No seu discurso de tomada de posse, o presidente Franklin Roosevelt afirmava, em 1933, que “a única coisa de que devemos ter medo é do próprio medo”. Não parece ter sido isso o que aconteceu nas últimas eleições americanas – uma parte significativa do eleitorado de Trump terá votado como consequência da manipulação pelo medo.
Há mais ou menos três décadas, temos vindo a assistir ao acentuar de uma tendência política, cultural e educacional percebida e consubstanciada como uma guinada à direita em vários países e regiões do mundo. No campo da análise das políticas para a educação, isso foi, nos anos 80, caracterizado como uma espécie de “modernização conservadora”. Com fundamentações teóricas e empíricas várias, temos hoje uma vasta e heterogénea bibliografia na qual se podem perceber as especificidades nacionais de uma crescente hegemonia da chamada nova direita (ver, por exemplo, Michael Apple, Educando à Direita, 2003) Nos Estados Unidos da América, como explica Apple, este melting pot inclui pelo menos quatro grupos relativamente distintos, ainda que capazes de articulações e convergências conjunturais: os neoliberais, os neoconservadores, a classe média dos profissionais e os populistas autoritários. Estes últimos fazem apelo a grupos sociais ressentidos e penalizados por promessas não cumpridas, sendo facilmente seduzidos pelo estilo mais ou menos carismático de um líder e/ou pela manipulação de slogans frequentemente contraditórios e nem sempre associáveis a uma ideologia política. A este propósito, penso que a eleição de Donald Trump foi sobretudo uma expressão do populismo autoritário que tem tido manifestações recentes, mas não necessariamente coincidentes, também em países europeus, como a França, a Áustria, a Hungria, a Turquia... Com este acontecimento, que revela de forma contundente como a fraqueza da democracia está (também) na falta de qualidade democrática das decisões, atualiza-se a reflexão de Tony Judt quando escreve: “O problema é que hoje vivemos em uma época em que ilusões, desilusões e ódios ocupam a posição de destaque” (Pensando o Século XX, 2014). Eu acredito profundamente, também por isso, que a educação continua a ser e será sempre o melhor antídoto contra estes e tantos outros sentimentos obscuros e nefastos.
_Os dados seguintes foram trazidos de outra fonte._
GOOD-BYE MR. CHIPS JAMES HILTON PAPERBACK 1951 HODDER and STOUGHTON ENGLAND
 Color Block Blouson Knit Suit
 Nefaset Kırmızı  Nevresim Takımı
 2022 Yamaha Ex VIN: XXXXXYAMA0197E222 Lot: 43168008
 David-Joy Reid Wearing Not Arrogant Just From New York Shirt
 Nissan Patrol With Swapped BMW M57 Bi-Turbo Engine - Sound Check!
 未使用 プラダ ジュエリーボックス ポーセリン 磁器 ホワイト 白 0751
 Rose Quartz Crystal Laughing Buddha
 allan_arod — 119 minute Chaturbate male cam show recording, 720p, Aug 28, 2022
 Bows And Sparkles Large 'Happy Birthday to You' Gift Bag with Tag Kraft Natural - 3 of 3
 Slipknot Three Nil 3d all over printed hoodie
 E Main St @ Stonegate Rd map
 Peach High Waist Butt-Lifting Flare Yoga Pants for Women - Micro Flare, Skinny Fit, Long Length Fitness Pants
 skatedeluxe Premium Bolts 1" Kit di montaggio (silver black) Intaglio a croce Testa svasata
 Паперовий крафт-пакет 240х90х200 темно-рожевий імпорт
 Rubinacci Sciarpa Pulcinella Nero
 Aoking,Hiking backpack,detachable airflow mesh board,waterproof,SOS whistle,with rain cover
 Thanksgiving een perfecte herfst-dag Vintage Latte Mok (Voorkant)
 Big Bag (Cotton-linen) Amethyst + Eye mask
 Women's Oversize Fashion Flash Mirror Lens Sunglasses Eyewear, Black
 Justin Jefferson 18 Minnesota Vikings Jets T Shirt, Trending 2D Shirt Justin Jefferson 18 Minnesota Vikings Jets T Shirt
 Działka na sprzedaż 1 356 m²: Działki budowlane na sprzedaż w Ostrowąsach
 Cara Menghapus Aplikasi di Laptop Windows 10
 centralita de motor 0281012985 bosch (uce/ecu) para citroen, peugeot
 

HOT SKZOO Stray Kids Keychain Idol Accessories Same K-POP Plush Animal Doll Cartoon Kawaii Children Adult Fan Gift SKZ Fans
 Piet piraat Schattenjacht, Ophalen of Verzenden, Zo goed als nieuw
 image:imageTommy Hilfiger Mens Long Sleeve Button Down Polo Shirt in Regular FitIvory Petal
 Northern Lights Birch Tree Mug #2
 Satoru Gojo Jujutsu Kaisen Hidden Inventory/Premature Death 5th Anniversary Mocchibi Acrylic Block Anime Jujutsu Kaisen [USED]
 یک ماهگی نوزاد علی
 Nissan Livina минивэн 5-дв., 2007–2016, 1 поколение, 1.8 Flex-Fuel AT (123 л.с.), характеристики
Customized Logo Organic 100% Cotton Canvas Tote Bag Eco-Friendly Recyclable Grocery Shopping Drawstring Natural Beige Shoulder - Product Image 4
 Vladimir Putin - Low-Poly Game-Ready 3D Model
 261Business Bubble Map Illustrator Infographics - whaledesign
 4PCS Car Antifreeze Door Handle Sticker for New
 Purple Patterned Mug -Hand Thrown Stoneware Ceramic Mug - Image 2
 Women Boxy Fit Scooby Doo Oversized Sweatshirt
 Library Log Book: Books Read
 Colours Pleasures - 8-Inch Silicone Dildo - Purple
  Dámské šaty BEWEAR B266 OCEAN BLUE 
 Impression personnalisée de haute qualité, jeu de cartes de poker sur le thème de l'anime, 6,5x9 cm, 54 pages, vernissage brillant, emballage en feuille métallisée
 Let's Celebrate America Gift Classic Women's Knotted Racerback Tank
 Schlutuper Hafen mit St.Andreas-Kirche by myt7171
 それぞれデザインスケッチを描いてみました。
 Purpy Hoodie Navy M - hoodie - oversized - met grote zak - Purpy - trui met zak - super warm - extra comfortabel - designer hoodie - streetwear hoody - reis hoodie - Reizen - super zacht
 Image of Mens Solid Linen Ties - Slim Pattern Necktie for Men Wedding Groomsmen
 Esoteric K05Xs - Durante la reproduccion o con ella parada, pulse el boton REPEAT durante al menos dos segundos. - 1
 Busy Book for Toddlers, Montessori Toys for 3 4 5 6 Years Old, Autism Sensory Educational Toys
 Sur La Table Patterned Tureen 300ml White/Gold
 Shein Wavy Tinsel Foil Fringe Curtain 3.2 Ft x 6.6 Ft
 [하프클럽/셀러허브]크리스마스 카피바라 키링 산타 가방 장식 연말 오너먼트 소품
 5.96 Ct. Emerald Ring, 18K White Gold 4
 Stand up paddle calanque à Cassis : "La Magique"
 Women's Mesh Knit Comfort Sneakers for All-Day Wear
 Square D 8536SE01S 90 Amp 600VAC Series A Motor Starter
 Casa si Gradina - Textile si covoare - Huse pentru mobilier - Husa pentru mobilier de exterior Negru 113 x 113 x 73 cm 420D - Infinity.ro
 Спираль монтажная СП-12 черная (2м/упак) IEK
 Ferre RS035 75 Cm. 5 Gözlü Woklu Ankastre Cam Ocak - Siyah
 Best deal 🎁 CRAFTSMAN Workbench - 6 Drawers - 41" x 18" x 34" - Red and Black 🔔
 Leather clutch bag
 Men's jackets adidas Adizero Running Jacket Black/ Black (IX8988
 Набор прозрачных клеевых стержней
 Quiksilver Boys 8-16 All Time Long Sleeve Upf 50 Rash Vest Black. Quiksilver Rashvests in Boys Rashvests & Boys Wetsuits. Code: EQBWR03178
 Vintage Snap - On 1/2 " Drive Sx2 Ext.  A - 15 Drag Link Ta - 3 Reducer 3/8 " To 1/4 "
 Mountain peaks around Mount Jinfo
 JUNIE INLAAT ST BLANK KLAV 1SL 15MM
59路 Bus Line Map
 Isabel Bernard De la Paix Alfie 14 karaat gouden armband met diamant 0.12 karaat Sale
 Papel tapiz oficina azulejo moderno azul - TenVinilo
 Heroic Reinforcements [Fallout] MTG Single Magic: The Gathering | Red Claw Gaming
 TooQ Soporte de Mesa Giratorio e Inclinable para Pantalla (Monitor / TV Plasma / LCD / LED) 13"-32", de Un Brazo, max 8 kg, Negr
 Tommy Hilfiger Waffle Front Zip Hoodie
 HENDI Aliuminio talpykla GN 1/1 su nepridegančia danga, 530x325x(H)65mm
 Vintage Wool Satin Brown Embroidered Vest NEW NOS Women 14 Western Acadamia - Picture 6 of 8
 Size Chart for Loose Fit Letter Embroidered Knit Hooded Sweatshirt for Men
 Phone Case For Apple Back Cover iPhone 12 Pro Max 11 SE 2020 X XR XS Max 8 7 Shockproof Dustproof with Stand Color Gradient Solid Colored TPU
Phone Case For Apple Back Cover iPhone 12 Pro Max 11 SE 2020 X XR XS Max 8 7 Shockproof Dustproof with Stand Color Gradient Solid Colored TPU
Trump e a educação. Com uma visão acintosamente antidemocrática, tecnocrática, pragmática e completamente acrítica, não foi por acaso que, da parte de Trump, as ideias e propostas para a educação foram muito pouco abordadas na campanha americana para a presidência, tendo o assunto ficado completamente secundarizado pela prioridade dada às questões da segurança e aos negócios, à mistura com ataques pessoais a Hillary Clinton, aos emigrantes, às mulheres e a grupos étnicos, culturais e religiosos... Do pouco que se sabe, a demagogia de Trump prometeu um sistema educativo onde a competição entre escolas e a liberdade de escolha vão continuar a ditar as regras e sair reforçadas, sugerindo que as crianças pobres aproveitarão essa oportunidade porque terão vouchers para poder escolher a melhor escola. Este apelo aos excluídos, aos pobres, aos desempregados, é, aliás, um traço comum a alguns populismos autoritários, como se viu recentemente nos EUA, ao contrário do que transparece em discursos de partidos europeus populistas de direita, nos quais, por exemplo, a crise dos refugiados tem sido aproveitada para justificar mais exclusões e reforçar processos de estigmatização isolacionistas. Para além do senso comum, que frequentemente os trata de forma pejorativa, os populismos, no entanto, são vários, quer de direita, quer de esquerda, como mostra Ernesto Laclau, em A Razão Populista (2013). Seja como for, sem melhor e mais justa escolaridade, e sem mais e melhor educação, dificilmente podemos perceber criticamente as diferenças entre populismos (ou outras ideologias), e ser capazes de refletir sobre o medo – um outro importante instrumento de manipulação dos populismos autoritários. Se no seu discurso de tomada de posse o Presidente Franklin Roosevelt afirmava, em 1933, que “a única coisa que devemos ter medo é do próprio medo”, não parece ter sido isso que aconteceu nestas eleições americanas. Estou convencido de que uma parte significativa do eleitorado de Trump votou como consequência da manipulação pelo medo, sendo certo que, “hoje em dia, é muito mais provável os políticos aconselharem as pessoas a ter medo de tudo e não só do próprio medo” (Frank Furedi em Os Lugares (Im)possíveis da Cidadania, org. José Manuel Mendes & Pedro Araújo, 2012).